IMPORT FOREIGN SCHEMA ogr_all
  FROM SERVER s3_server
  INTO fdw_s3;

SELECT * FROM fdw_s3.salesorders
WHERE region = 'East';
 fid | orderdate  | region |  rep   |  item   | units | unit_cost |  total
-----+------------+--------+--------+---------+-------+-----------+---------
   2 | 2021-01-06 | East   | Jones  | Pencil  |    95 |      1.99 |  189.05
   7 | 2021-04-01 | East   | Jones  | Binder  |    60 |      4.99 |   299.4
  11 | 2021-06-08 | East   | Jones  | Binder  |    60 |      8.99 |   539.4
...

HTTP SQLite File

GDAL isn't restricted just to spreadsheet style files, it can also read into more complex files, like SQLite database files.

For example, there is a SQLite example file at https://www.sqlitetutorial.net/wp-content/uploads/2018/03/chinook.zip

Note that the file is both remote and zipped. Fortunately, in addition to /vsicurl/ for the HTTP request, GDAL also provides us with /vsizip/ to treat a zip file as a virtual directory.

We can test our access as usual with ogrinfo, combining the /vsicurl/ and /vsizip/ virtual file systems.

$ ogrinfo /vsizip/vsicurl/https://www.sqlitetutorial.net/wp-content/uploads/2018/03/chinook.zip/chinook.db

INFO: Open of `/vsizip/vsicurl/https://www.sqlitetutorial.net/wp-content/uploads/2018/03/chinook.zip/chinook.db'
      using driver `SQLite' successful.
1: albums (None)
2: artists (None)
3: customers (None)
4: employees (None)
5: genres (None)
6: invoice_items (None)
7: invoices (None)
8: media_types (None)
9: playlist_track (None)
10: playlists (None)
11: sqlite_sequence (None) [private]
12: sqlite_stat1 (None) [private]
13: tracks (None)

Now we set up the FDW, using that same GDAL connection string.

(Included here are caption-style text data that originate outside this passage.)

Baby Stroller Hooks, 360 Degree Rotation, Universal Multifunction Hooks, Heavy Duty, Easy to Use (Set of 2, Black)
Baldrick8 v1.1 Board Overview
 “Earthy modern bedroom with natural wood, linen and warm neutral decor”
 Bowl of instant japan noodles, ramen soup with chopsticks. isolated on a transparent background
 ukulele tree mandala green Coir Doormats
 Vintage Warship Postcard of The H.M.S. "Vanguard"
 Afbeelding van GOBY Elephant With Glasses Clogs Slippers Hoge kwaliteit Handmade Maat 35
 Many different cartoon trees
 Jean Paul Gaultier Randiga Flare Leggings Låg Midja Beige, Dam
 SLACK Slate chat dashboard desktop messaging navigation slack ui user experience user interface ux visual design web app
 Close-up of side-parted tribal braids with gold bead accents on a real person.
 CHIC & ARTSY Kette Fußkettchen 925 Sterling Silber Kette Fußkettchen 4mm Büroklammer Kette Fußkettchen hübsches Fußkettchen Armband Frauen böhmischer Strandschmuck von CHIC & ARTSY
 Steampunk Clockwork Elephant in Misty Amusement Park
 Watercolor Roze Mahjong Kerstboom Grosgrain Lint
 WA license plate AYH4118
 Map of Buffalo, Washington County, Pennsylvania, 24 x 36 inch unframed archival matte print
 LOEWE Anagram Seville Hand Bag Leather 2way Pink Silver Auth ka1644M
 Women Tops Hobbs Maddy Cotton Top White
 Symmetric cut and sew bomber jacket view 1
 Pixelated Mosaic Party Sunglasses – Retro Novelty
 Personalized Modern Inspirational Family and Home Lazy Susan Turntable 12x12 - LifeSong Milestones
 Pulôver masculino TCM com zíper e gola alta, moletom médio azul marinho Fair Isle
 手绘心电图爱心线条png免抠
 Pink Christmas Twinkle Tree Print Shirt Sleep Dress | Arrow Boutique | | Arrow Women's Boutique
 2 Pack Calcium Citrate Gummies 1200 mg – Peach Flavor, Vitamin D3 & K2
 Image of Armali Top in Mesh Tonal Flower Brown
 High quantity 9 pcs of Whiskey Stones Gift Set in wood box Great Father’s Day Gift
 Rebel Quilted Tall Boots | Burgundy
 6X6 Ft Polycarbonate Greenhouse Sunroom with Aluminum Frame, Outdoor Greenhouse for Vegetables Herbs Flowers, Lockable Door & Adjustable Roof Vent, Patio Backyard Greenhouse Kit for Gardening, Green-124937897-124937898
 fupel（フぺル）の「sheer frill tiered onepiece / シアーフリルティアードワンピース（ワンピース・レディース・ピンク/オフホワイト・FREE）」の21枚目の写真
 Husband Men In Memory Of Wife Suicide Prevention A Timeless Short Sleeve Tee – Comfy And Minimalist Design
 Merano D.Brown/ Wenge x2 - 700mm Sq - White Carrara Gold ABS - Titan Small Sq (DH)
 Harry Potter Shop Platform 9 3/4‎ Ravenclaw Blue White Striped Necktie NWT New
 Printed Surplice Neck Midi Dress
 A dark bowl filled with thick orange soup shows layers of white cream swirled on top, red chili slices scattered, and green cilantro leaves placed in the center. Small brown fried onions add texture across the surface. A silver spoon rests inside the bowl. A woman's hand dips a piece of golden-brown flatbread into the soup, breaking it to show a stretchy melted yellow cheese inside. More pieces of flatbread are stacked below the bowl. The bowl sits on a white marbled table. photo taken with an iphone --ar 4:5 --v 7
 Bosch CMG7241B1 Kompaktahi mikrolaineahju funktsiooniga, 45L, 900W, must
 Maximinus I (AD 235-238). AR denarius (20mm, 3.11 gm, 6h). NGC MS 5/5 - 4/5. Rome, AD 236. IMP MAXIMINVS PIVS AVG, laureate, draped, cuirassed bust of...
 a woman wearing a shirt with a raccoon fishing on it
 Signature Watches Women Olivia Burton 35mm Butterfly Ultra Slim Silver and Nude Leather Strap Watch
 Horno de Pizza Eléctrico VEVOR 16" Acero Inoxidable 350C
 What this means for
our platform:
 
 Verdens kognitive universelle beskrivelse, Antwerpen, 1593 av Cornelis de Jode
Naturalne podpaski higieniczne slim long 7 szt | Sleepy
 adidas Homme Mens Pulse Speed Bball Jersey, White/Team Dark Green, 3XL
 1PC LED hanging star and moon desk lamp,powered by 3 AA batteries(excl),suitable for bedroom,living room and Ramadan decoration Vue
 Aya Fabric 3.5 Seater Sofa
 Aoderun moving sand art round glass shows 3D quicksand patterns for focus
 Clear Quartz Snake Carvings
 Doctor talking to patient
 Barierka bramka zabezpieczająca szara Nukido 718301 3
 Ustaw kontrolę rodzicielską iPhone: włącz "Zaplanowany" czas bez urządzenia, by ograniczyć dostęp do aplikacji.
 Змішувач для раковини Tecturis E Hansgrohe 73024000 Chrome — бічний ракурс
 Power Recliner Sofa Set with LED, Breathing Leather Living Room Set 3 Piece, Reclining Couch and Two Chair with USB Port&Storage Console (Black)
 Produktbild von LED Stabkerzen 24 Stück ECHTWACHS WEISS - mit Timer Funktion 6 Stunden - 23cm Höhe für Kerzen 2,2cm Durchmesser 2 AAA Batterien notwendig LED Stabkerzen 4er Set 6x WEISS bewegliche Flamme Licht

CREATE SERVER sqlite_server
  FOREIGN DATA WRAPPER ogr_fdw
  OPTIONS (
    datasource '/vsizip/vsicurl/https://www.sqlitetutorial.net/wp-content/uploads/2018/03/chinook.zip/chinook.db',
    format 'SQLite');

CREATE SCHEMA IF NOT EXISTS fdw_sqlite;

IMPORT FOREIGN SCHEMA ogr_all
  FROM SERVER sqlite_server
  INTO fdw_sqlite;

SELECT *
FROM fdw_sqlite.albums
WHERE title ~ '^Ar';
 fid |                       title                        | artistid
-----+----------------------------------------------------+----------
 120 | Are You Experienced?                               |       94
 168 | Arquivo II                                         |      113
 169 | Arquivo Os Paralamas Do Sucesso                    |      113
 319 | Armada: Music from the Courts of England and Spain |      251

Conclusions

  • The ogr_fdw extension provides flexible access to remote data in dozens of formats.
  • When using FDW for real-time access it is frequently wise to place a MATERIALIZED VIEW between your queries and the FDW, to avoid network latency.